Some Assumptions We’re Making about You and Your Staff

  • You have experience working with youth (anyone 1-18 years old)!
  • You are passionate about learning new things.
  • You believe there’s an exchange of knowledge between youth and facilitators that flows in both directions.
  • You have a practice of making that extends into your own life. For us, this covers a lot of ground (everything from cooking to carpentry, programming to poetry). The key is not that you self-identify as a maker, but that you are producing (not just consuming) in this world.

Who We’ve Become

Digital Harbor Foundation (DHF) has always existed as a melting pot of people from wildly different backgrounds (in both education background and professional experience). In particular, we’ve found there to be some sort of magic that happens when educators, technologists, and artists operate in the same space. That said, this breakdown has shifted over time and we find that our staff frequently break the mold of what is expected of their formal training. All this to say that we’ve noticed patterns in the people we find, but our background isn’t necessarily our destiny.

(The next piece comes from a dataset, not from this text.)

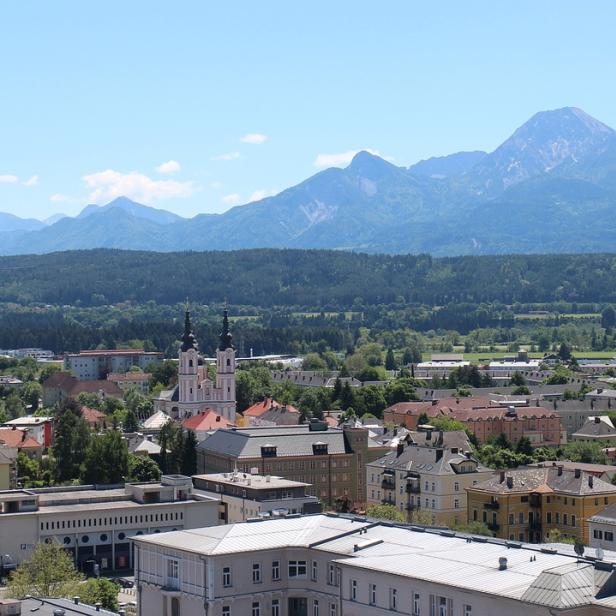 So finden Sie das perfekte Apartment in Villach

The Digital Harbor Foundation Culture of Learning

Officially, DHF’s mission is to foster learning, creativity, productivity, and community through education. Unofficially, our vision is to promote productive and sustainable adults in our community. In practice, this takes the form of:

  • Increased access to high-growth enrollment and employment opportunities to underserved youth
  • Development of career-readiness skills like communication, leadership, and problem solving in our youth

By being so broad in our goals, we have made it much more challenging to establish practices that universally foster this growth. Now we need to prepare youth for nearly any path they may be interested in rather than focusing on a single, predetermined, future.

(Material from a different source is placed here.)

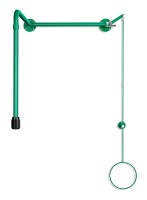 B-Safety ClassicLine Körper-Notdusche BR 084 185 B-Safety ClassicLine Körper-Notdusche BR 084 185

We looked to each other and members of our community to determine what this success looks like. We found that a passion for learning unites us and has extended into our adult lives. For many of us, we have switched careers or are doing something seemingly unrelated to our formal education. Our passion for learning helped us bridge those transitions.

Passion guides us and sets us apart from gatekeepers of knowledge, who many of us came to know in formal learning environments. These can be spaces where adults present themselves as the primary and proper access points to content and comprehension. At DHF, nobody presents themselves as a knowledge expert. Of course, we’ve all learned a lot about tools or processes through experience, but there’s always room to grow. As staff, we work to signal to youth where our interests lie, rather than project that we know everything about x, y, or z.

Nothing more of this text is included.